A defamatory statement is a false statement that is published (i.e. in written form) that would lead a reader to view the complainant in a negative light or if it would cause the complainant to be a victim of mockery.

A false statement about a person that is published and brings them into disrepute is widely referred to as being ‘defamatory’. However, to prove that a written statement is defamatory under Australian law requires the complainant to prove all of the ‘elements’.

Under defamation law in Australia, written material, pictures, or spoken statements that are published can give rise to a claim for defamation. Defamatory material can also include social media posts, comments and replies to social media posts.

Learn more about publishing and defamation in our article.

What are the elements of defamation in Australia?

Defamation law is set out in State and Territory legislation. Each defamation law has its own requirements, however, they largely follow the same general principles.

Broadly speaking, the elements required to be present in order to prove a claim for defamation in Australia are as follows.

The statement must convey a defamatory meaning or imputation

It is important to remember that a person must prove that the words published would make others (i.e. an ordinary reasonable reader) either think less, shun or avoid the individual. It is not enough that the words portray the defamed person in a negative, or even in a ridiculous light.

The relevant standard of “the ordinary reasonable reader” recognises that such a reader may draw inferences from defamatory material.

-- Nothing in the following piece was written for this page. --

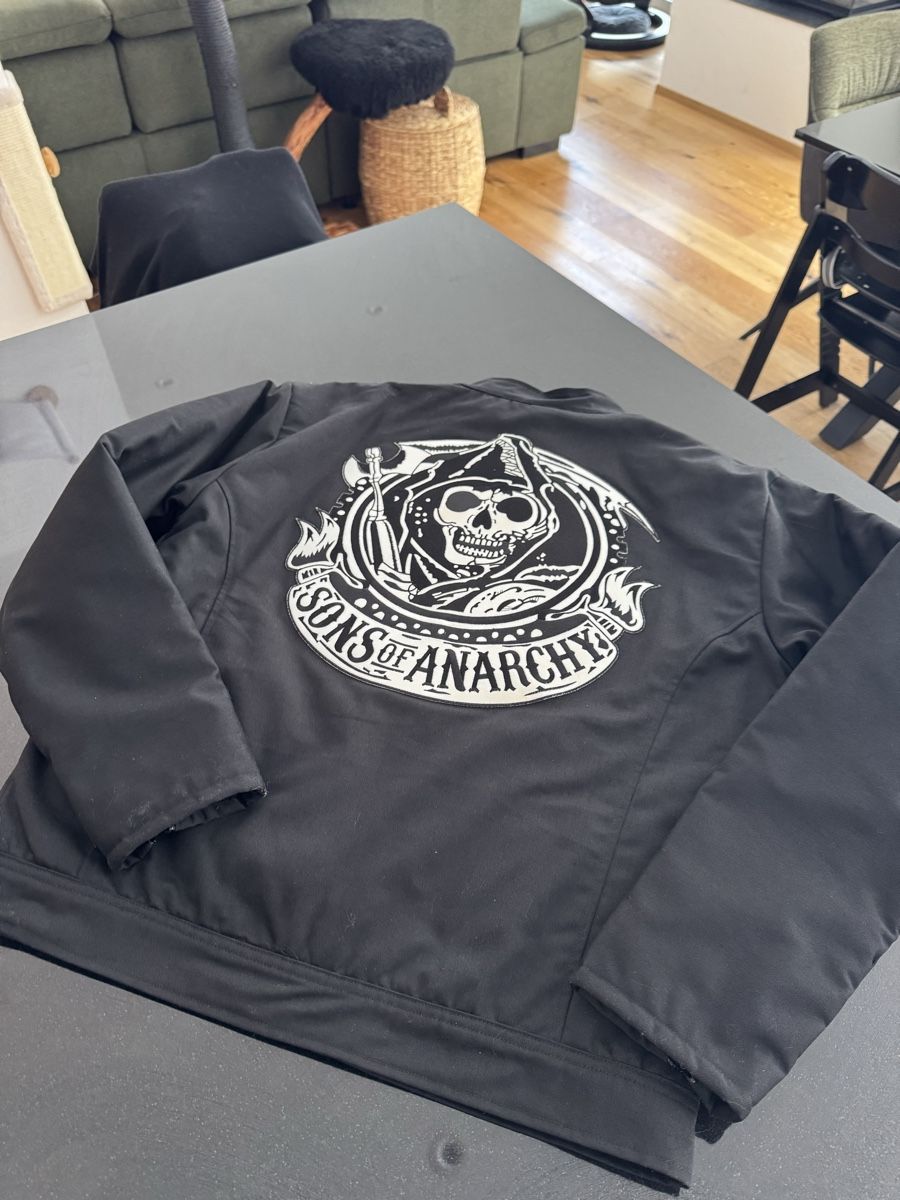 Jacken: Sons of Anarchie Jacke – Gebraucht aus St. Niklaus VS von jas_13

The courts have held that the intention of the author or publisher is not relevant to whether the statement is defamatory.

It is reasonable to interpret the statement as referring to the defamed person

A reference to a defamed person can be:

  1. direct – by naming the person; or
  2. indirect – by referring to the person (other than by naming them) and in such a way that a person would understand the person as being the one referred to in the publication.

As with the first element, the intention of the author or publisher is not relevant to whether the statement is defamatory.

If a person is named in the defamatory material, that person is not obliged to call evidence (Consolidated Trust Co Ltd v Browne).

The statement has been published to at least one person, other than the defamed person or writer/publisher

A complainant must prove that the material was published to at least one other person, apart from the person or company that wrote or published the material, or to themselves.

A defamed person has one year to start court proceedings unless they can prove to the courts that it was not reasonable under the circumstances to do so. If they can prove this, then the period will be extended to three years. However, courts rarely grant an extension to this 12-month limitation period.

You should seek urgent legal advice if the 12-month time limit is about to expire or has already expired.

Publishers that post on the internet need to exercise greater care than print media publishers. This is because the one-year time limitation period is reset and the clock starts again each day the material is available to be downloaded.

Australian case law examples of defamation

Goldberg v Voigt

A local man in Rose Bay, New South Wales, sued another local resident for damages after the court found he was defamed by a single social media post in a Rose Bay Facebook community group page in 2018.

Outcome: Defamed person awarded $35,000 in damages plus $8,000 in costs

The Chair of a Strata Committee sued a lessee of a unit within the building who replied to an email relating to mailboxes, claiming the Chair engaged in (among other things (harassing conduct).

Outcome: Defamed person awarded $120,000 in damages

What are the defences to a defamation claim?

There are several defences to a claim for defamation, including:

  • The accused or defendant proved that the published news was significantly true;
  • The accused or defendant was presenting their honest reviews or opinions, instead of making a statement; and
  • The defendant or the accused unknowingly distributed all the defaming material, like an employee of a media organisation.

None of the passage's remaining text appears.